Are nuts and seeds keto friendly? Here in Southern California it seems like everyone is crazy about nuts. You can find raw and roasted nuts, trail mix, almond butter, pili nuts, etc at almost every health food store you walk into. There is even cannabis infused nut butter! However, are nuts and seeds really all they are ‘cracked’ out to be?

Anti-nutrients 

Well nuts and seeds are a good source of micro-nutrients, including selenium, zinc, calcium, magnesium and iron. However, in the context of the human body, nuts and seeds (along with grains, legumes, and soy) contain high levels of phytates, ‘anti-nutrients’ which block the absorption of vitamins and minerals.

Mineral deficiencies 

High intakes of phytate-rich foods in the diet can actually cause mineral deficiencies. The phytates inhibit the absorption of minerals not only in phytate rich foods, but in other foods eaten in combination with them.

Enzyme activity

Phytates in nuts and seeds interfere with the enzymes we need to digest our food, including amylase, pepsin, and trypsin.

Polyunsaturated fats 

Nuts and seeds are rich in polyunsaturated oil which is often touted as ‘healthy’ but far from it. These fats suppress metabolism, contributing to weight gain, tissue destruction, free radical damage, insulin resistance and a host of other health problems. The fats are highly unstable (prone to oxidation and rancidity) and you would be hard-pressed to find fresh nuts around that aren’t already rancid.

Energy processes

The polyunsaturated fats in nuts and seeds suppress energy metabolism and thyroid hormone, and actually can contribute to weight gain (which is good if you are a squirrel that wants to hibernate for the winter but not so great if you are a human). Coconut oil, and short-chain saturated fats are better for weight-loss.

Digestion

Nuts and seeds are also extremely hard for the human digestive system to assimilate. They are common contributors to intestinal irritation, bloating and indigestion.

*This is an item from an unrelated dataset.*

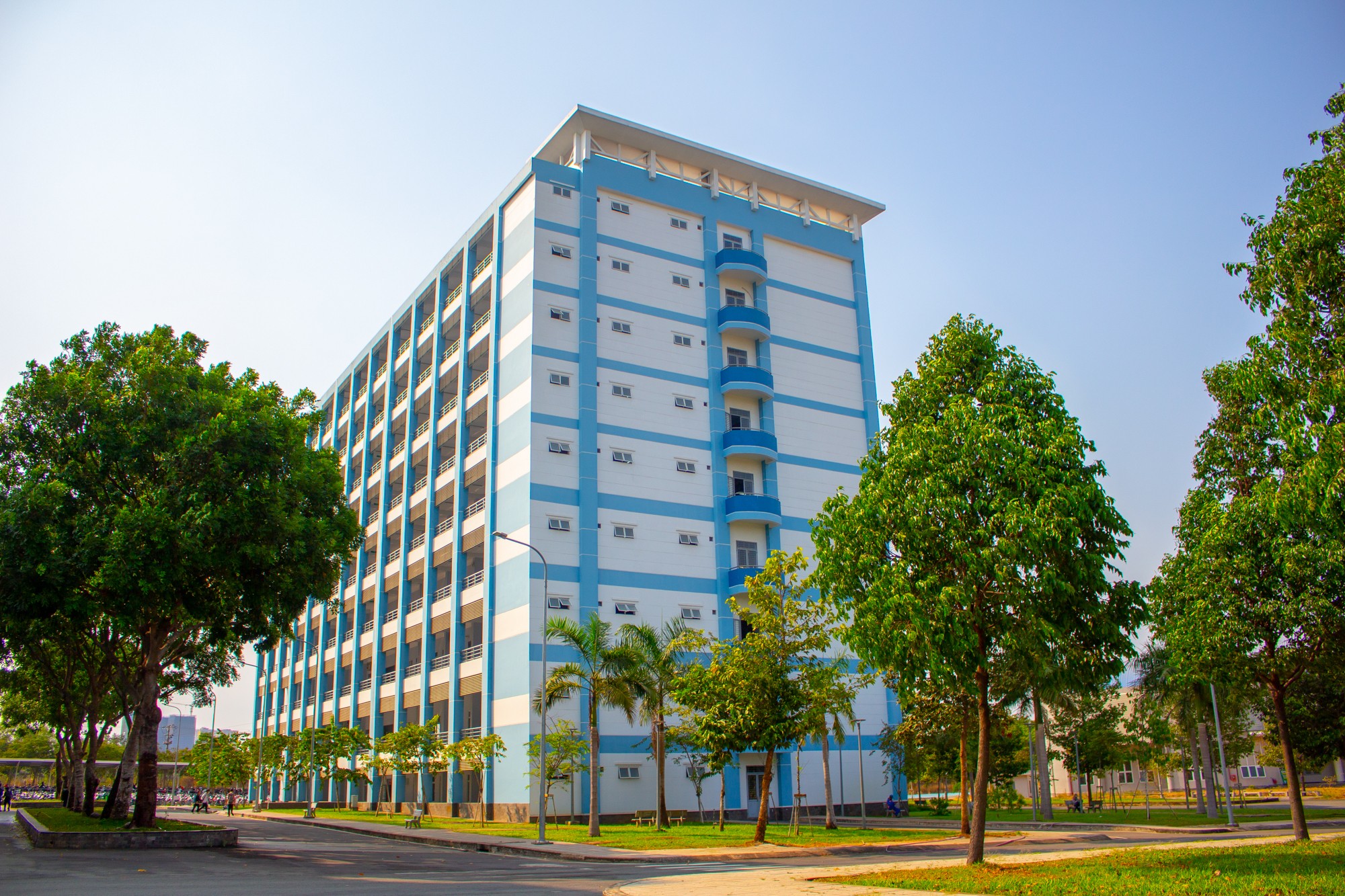 1 trường đại học là “lò” đào tạo tỷ phú nhưng sinh viên chỉ mơ ra được trường, mỗi năm có vài trăm người bị cho thôi học- Ảnh 13. 1 trường đại học là “lò” đào tạo tỷ phú nhưng sinh viên chỉ mơ ra được trường, mỗi năm có vài trăm người bị cho thôi học- Ảnh 13.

Of course, as part of a well-rounded, healthy diet that contains lots of pro-metabolic foods and nutrients, a couple of nuts here or a little tahini isn’t worth losing sleep over. But see nuts and seeds for what they are – not glorified ‘health foods’.

If you’re insistent on consuming nuts and seeds as part of your diet, it’s best to do so according to some simple guidelines:

1. Soak your nuts and seeds – they’ll still be high in polyunsaturated fat, but at least soaking (and/or sprouting) will start to break down the anti-nutrients that are present. This will render them slightly more digestible so you can absorb more nutrients.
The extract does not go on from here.